WHAT TO WORK ON: Count the lines in the records below that contain the word "Picture", and give only that number.

DATA TO EXAMINE:
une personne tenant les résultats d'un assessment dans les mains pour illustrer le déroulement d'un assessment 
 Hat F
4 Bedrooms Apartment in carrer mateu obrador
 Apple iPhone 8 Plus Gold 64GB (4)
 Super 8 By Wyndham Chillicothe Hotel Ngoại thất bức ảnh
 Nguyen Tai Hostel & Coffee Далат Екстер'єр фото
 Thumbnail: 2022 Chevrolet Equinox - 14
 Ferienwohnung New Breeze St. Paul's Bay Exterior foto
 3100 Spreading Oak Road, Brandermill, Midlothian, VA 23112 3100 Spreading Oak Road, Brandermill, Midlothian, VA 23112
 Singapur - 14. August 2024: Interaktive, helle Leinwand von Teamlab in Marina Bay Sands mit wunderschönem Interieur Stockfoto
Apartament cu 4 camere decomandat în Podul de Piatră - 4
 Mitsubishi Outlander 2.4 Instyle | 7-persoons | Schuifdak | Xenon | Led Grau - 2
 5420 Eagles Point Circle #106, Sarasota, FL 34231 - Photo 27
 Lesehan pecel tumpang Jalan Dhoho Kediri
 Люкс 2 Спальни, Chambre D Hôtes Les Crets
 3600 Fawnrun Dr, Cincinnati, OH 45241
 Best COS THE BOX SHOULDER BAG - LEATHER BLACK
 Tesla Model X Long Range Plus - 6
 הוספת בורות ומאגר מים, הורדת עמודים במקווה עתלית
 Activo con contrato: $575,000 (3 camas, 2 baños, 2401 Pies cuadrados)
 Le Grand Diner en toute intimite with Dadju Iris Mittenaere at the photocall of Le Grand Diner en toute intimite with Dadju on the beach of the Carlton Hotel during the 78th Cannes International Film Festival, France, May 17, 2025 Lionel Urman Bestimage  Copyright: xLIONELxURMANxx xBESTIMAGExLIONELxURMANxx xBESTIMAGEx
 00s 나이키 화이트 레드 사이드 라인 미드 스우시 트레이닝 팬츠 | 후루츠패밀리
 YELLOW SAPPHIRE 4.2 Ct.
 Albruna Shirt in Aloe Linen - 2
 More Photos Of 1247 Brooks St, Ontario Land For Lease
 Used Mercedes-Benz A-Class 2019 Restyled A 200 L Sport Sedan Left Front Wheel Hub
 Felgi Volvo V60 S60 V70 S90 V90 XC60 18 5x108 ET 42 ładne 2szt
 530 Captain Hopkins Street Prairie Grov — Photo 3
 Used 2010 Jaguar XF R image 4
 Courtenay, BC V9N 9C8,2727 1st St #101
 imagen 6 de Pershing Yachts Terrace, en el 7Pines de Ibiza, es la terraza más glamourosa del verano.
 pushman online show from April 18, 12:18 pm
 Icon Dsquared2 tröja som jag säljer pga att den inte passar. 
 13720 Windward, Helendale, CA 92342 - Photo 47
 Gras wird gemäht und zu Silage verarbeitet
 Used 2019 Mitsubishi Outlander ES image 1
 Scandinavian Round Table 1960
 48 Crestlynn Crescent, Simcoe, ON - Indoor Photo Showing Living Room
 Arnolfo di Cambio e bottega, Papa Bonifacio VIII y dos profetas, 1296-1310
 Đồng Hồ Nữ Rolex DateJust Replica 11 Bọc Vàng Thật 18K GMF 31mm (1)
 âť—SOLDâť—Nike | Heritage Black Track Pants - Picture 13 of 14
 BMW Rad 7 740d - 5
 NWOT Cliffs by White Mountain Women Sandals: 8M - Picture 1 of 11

THE COMPLETED TASK: 2